JuggernautJake said:


> so its recocuring? I definitely had whatever I have now 5 years ago and it went after about 6 months...I can't wait that long along grrrrrrrrrr


Yeah mine is but that's not to say yours is though i'm not a physio so i wouldn't know, mine normally buggers off after about 4 weeks for me personally training helps relieve it actually because if i don't train iv'e found that the muscles around it seize up and make it worse.


----------



## amy_robin (Jun 2, 2014)

JuggernautJake said:


> So the treatment is pain relief?...that's fine but I train 7 days a week in BJJ along with weight lifting and no amount of pain relief will let me do these things with this electric shock collar I have around my lower back
> 
> Does it just fix itself over time?


I dont know about everyone else but I dont agree in training on heavy painkillers anyway....I believe it may lead to further injuries....try those stretches that huntingground suggested ive seen physio sessions for similar....you deffo need the docs for a diagnosis...referral for physio and relevant scans but also some antinflamatory which should help and then maybe like I said the nerve relaxants


----------



## JuggernautJake (Nov 6, 2013)

amy_robin said:


> I dont know about everyone else but I dont agree in training on heavy painkillers anyway....I believe it may lead to further injuries....try those stretches that huntingground suggested ive seen physio sessions for similar....you deffo need the docs for a diagnosis...referral for physio and relevant scans but also some antinflamatory which should help and then maybe like I said the nerve relaxants


yeah I agree, I stopped using deepheat for squatting because I found out it had a mild painkiller in it...if your forms off and its causing stress how would you know if the pain is being dulled? definitely not a good idea

I tried some of those stretches and it defo feels something is "trapped" I dunno if its in my head but I can put my finger on the point where the pain is but it feels deep under muscle

f.uck it im gonna book in at the docs, I have a feeling he will say rest, lazy bas.tard.


----------



## amy_robin (Jun 2, 2014)

JuggernautJake said:


> yeah I agree, I stopped using deepheat for squatting because I found out it had a mild painkiller in it...if your forms off and its causing stress how would you know if the pain is being dulled? definitely not a good idea
> 
> I tried some of those stretches and it defo feels something is "trapped" I dunno if its in my head but I can put my finger on the point where the pain is but it feels deep under muscle
> 
> f.uck it im gonna book in at the docs, I have a feeling he will say rest, lazy bas.tard.
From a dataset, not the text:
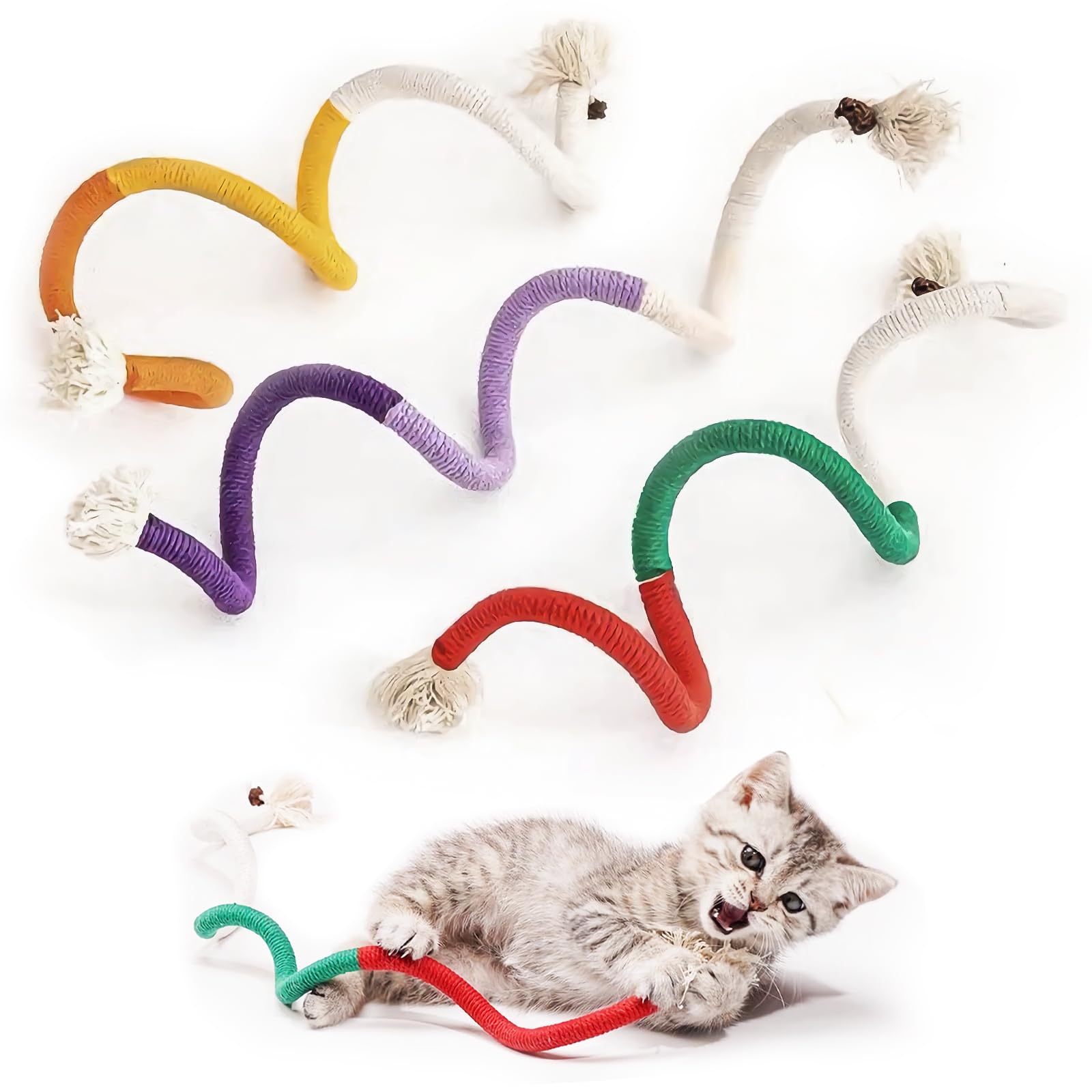 3PCS Rope Cat Toys, Catnip Toys with Refillable Natural Catnip, Interactive Cat Toy for Indoor Kittens, Interactive Cat Toys Catnip for All Breeds 23 Inches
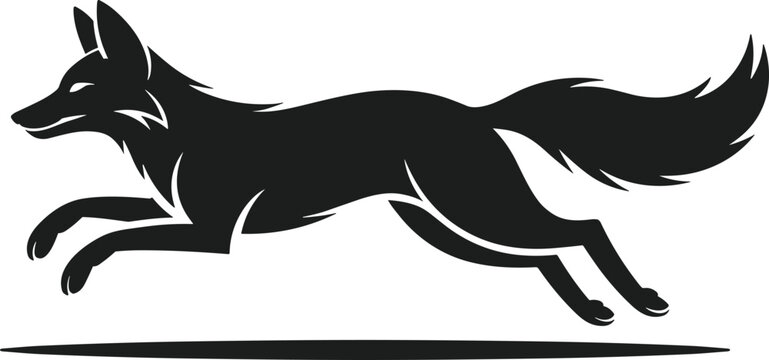 Black fox silhouette running with bushy tail and pointed ears animal motion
Ive seen physios say its from muscle tightness....seen em say that its a crushed lumbar and also damage from pinning its one of those things thats gunna get very frustrating for you hope it gets better soon x


----------



## sciatic (May 24, 2014)

JuggernautJake said:


> So the treatment is pain relief?...that's fine but I train 7 days a week in BJJ along with weight lifting and no amount of pain relief will let me do these things with this electric shock collar I have around my lower back
> 
> Does it just fix itself over time?


Ok as promised calling in on this thread. Treatment can be a way to pain relief if the given treatment works. But trying to treat a nerve is not easy for any specialist and I've seen enough over the years, and if, or I should say when it comes back (and it will) I'm going to opt for acupuncture this time. It's the only way I see forward in trying to combat this freaking nuisance of a nerve. Other option would be to have an operation, but the risks and complications are an other issue. The longer you suffer from sciatica the less chance an operation will be successful. That statement came from my doctor. When my sciatica starts it does bring me to tears in the end as I cannot control the crazy pain. That's how severe it is! If anyone ever experiences a bad case sciatica they'll know what I mean.......It's scary and nasty! I now train smarter and I know what can irritate it, so I avoid. That took me years to analyse. Getting older comes wisdom lol. Sorry mate if my input is of very little use to you, but all I can give is my personal experience, and I can certainly empathise with you. Hope you can get it cured bud?!


----------



## Kjetil1234 (Jun 10, 2014)

Sounds like either SIJ, herniation or piriformis. Probably one or both of the first two.

These kind of issues usually return, because the root of the damage is in usually MOVEMENT dysfunction and not a random herniation due to acute injury.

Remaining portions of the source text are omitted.